▸ BRIEF: Transcribe all the entries word for word, skipping the pictures.

Captioned web image data:

○ ○ ○ ○ ○ ○ ○

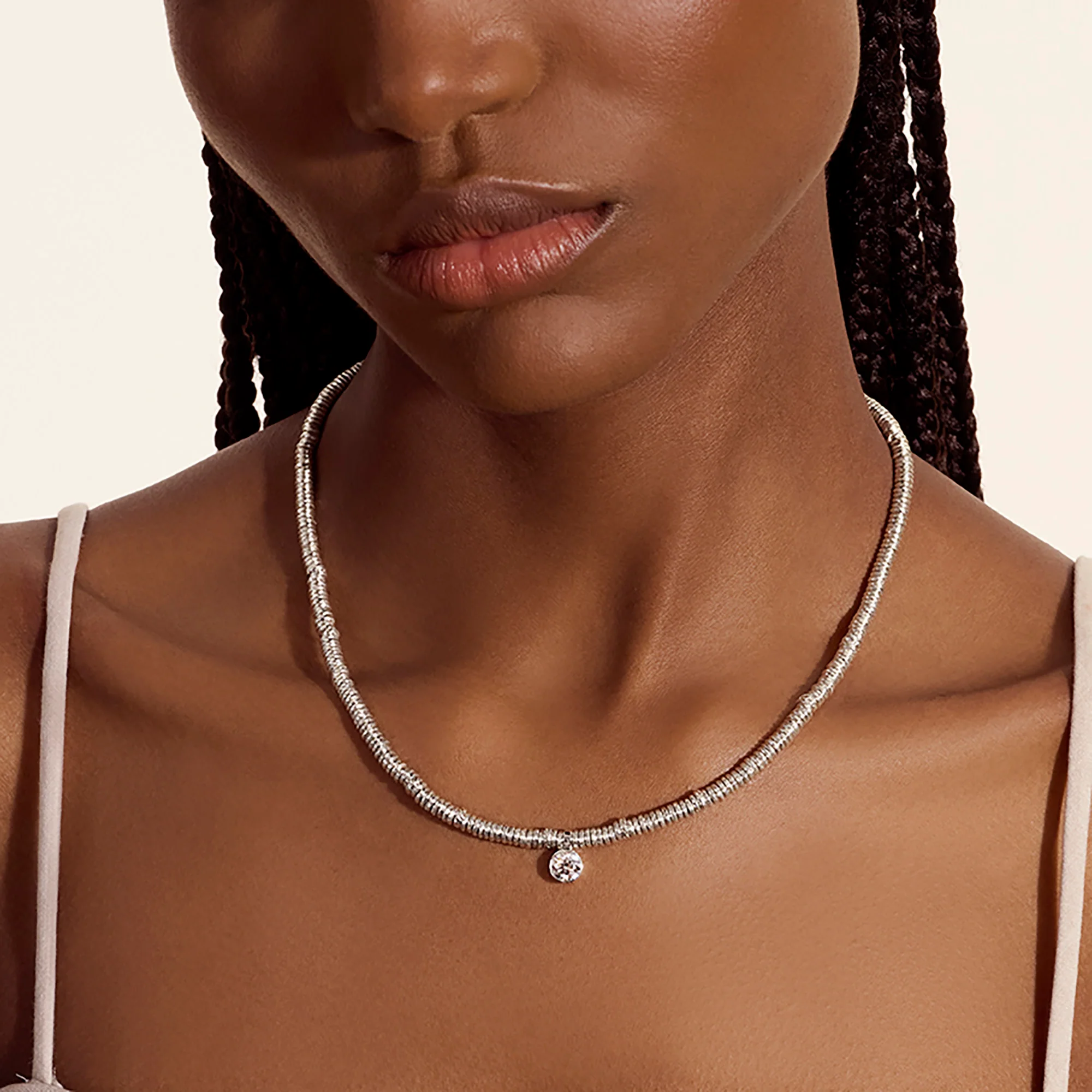 JH Lovestruck™ Heishi Pendant Necklace, Sterling Silver, Diamond, 1.0TCW|NBP43002LGD - Image 4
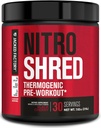 Jacked Factory NITROSURGE Shred Pre Workout Supplement - Ενεργειακό Booster, Instant Strength Gains, Sharp Focus, Ισχυρές Αντλίες - Nitric Oxide Booster & PreWorkout Powder - 30Sv, Black Cherry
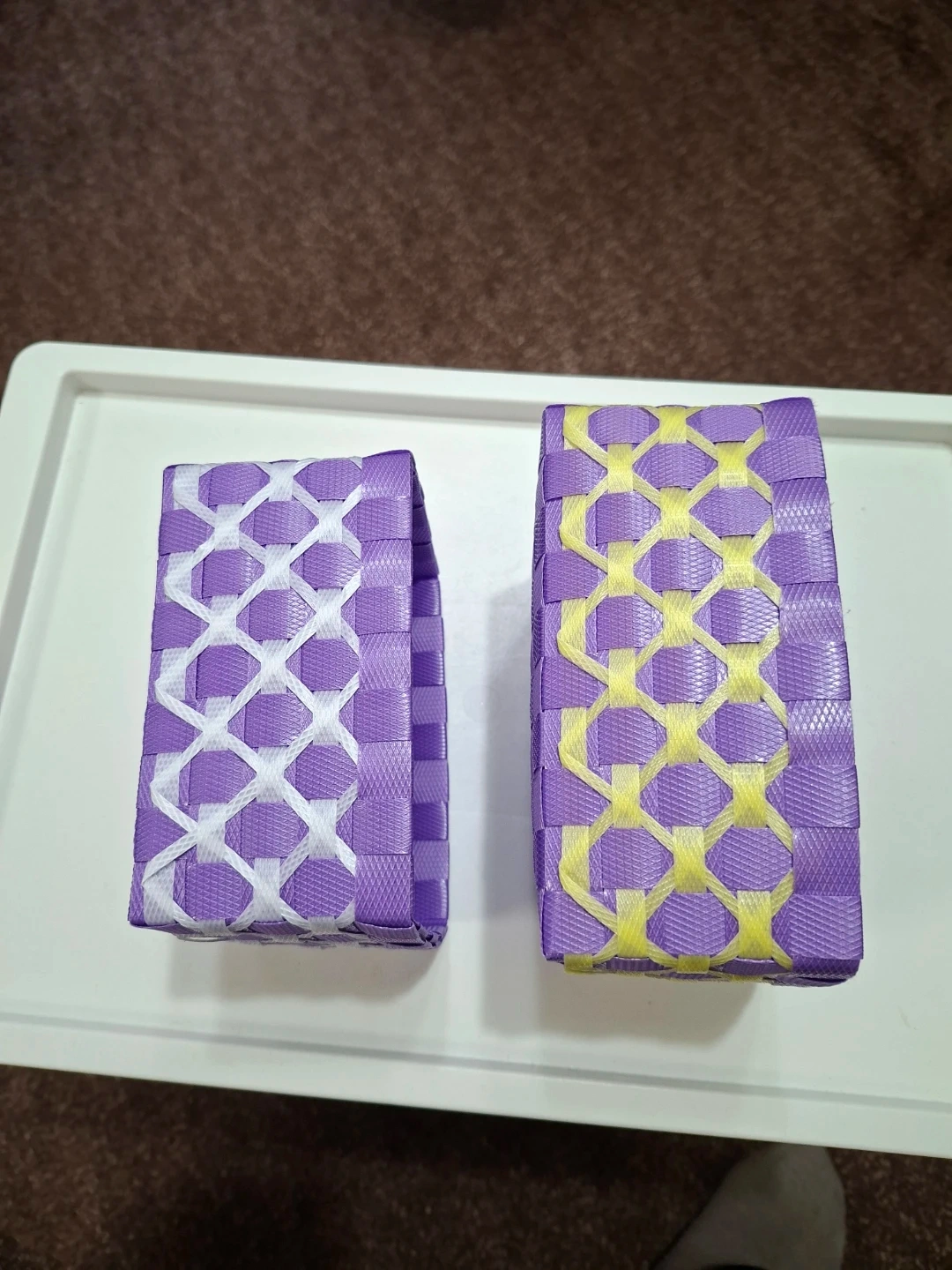 パープル系 編み込み収納ケース 2個セットの写真2枚目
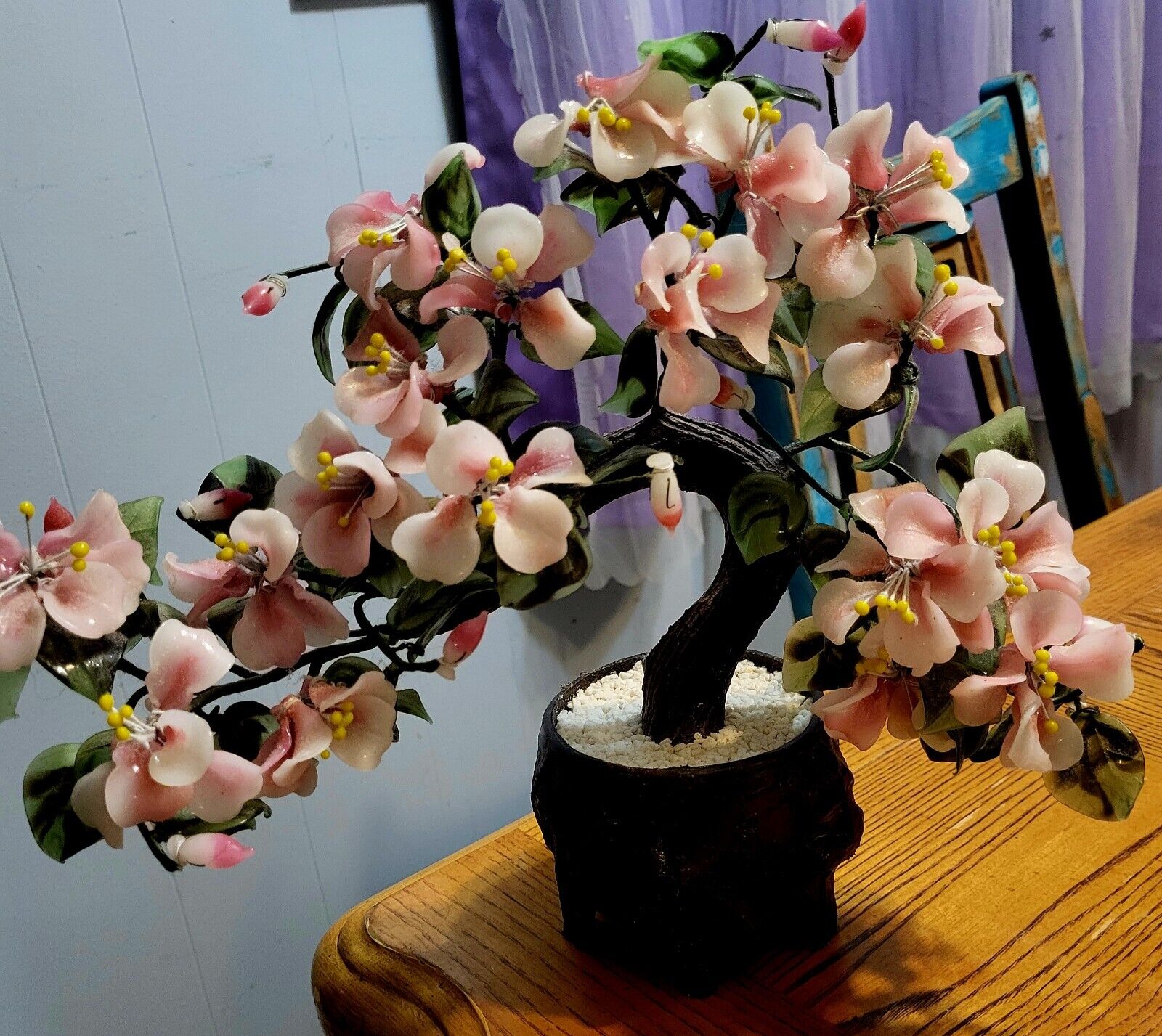 Vtg Chinese Glass Jade Cherry Blossom Bonsai Tree Pink Flowers 10” X 12” X 5”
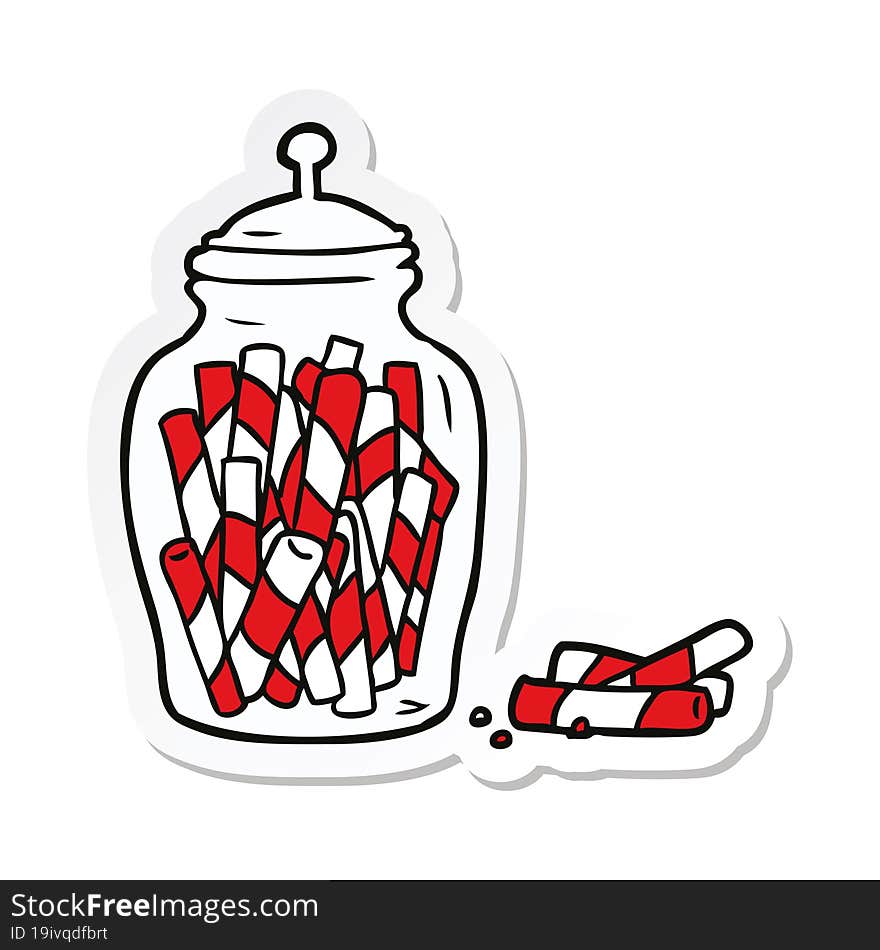 sticker of a cartoon jar of candy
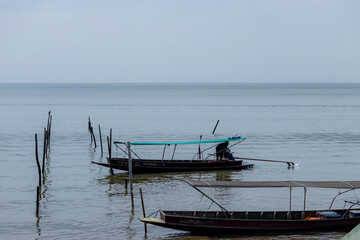 Fototapeta na wymiar The local fishing boat on the sea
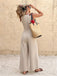 Tuta con Spalline Annodate e Bordo a Contrasto Beige Anni '50 4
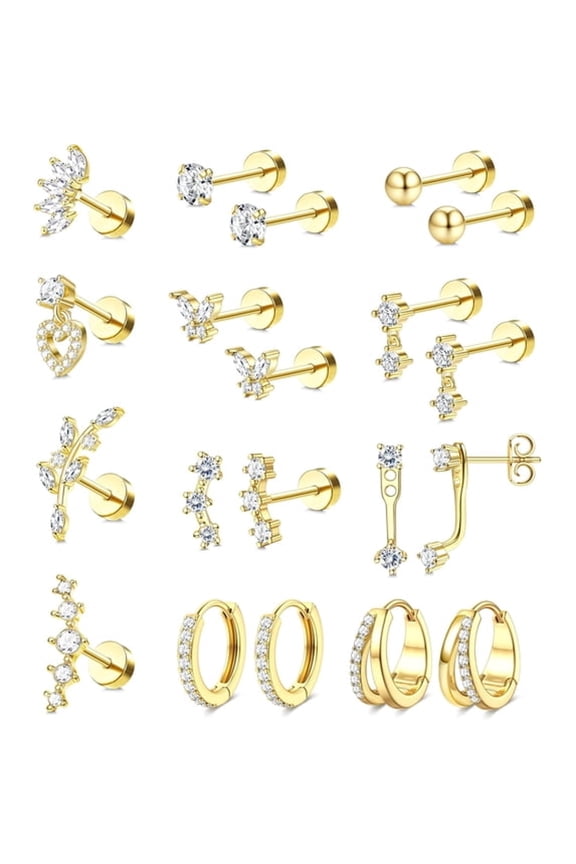 Hypoallergenic Flat Back Earrings Set-14K Gold Plated Cartilage Earrings for Women Surgical Steel Flatback Stud Hoop Earring Stacks for Helix Tragus Conch Piercing Jewelry(Singles&Pairs)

○ ○ ○ ○ ○ ○ ○

▸ EXERCISE OUTPUT:
 JH Lovestruck™ Heishi Pendant Necklace, Sterling Silver, Diamond, 1.0TCW|NBP43002LGD - Image 4
 Jacked Factory NITROSURGE Shred Pre Workout Supplement - Ενεργειακό Booster, Instant Strength Gains, Sharp Focus, Ισχυρές Αντλίες - Nitric Oxide Booster & PreWorkout Powder - 30Sv, Black Cherry
 パープル系 編み込み収納ケース 2個セットの写真2枚目
 Vtg Chinese Glass Jade Cherry Blossom Bonsai Tree Pink Flowers 10” X 12” X 5”
 sticker of a cartoon jar of candy
 Fototapeta na wymiar The local fishing boat on the sea
 Tuta con Spalline Annodate e Bordo a Contrasto Beige Anni '50 4
 Hypoallergenic Flat Back Earrings Set-14K Gold Plated Cartilage Earrings for Women Surgical Steel Flatback Stud Hoop Earring Stacks for Helix Tragus Conch Piercing Jewelry(Singles&Pairs)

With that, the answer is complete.